> **Data section**:
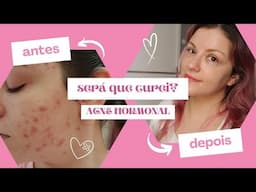 Curei a acne depois de 20 anos? 😱 (mas o Roacutan falhou!) [Mari Santarem]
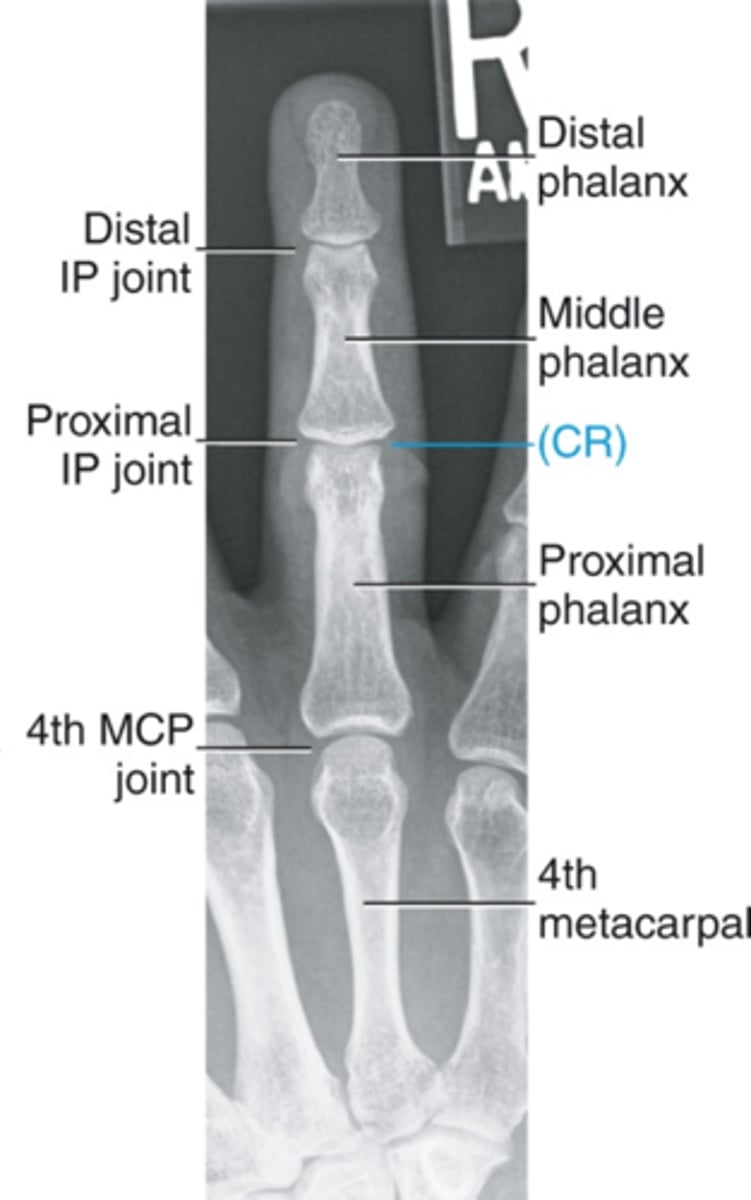 <p>-Equal concavity on both sides</p><p>-Open IP and MCP joint spaces</p><p>-Entire digit from fingertip to distal portion of adjoining metacarpal</p>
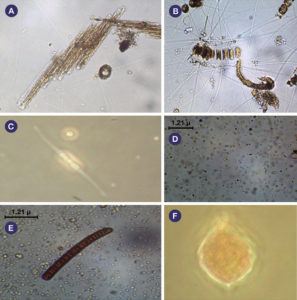 Plankton communities in shrimp monoculture, integrated biofloc system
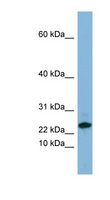 SPRR3 Antibody - SPRR3 antibody Western blot of HT1080 cell lysate. This image was taken for the unconjugated form of this product. Other forms have not been tested.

> **Task**:
Word for word, restate the lines from the one containing "Plankton communities in" through the end of the listing, and nothing more. Skip the pictures.

> **Output for this task**:
 Plankton communities in shrimp monoculture, integrated biofloc system
 SPRR3 Antibody - SPRR3 antibody Western blot of HT1080 cell lysate. This image was taken for the unconjugated form of this product. Other forms have not been tested.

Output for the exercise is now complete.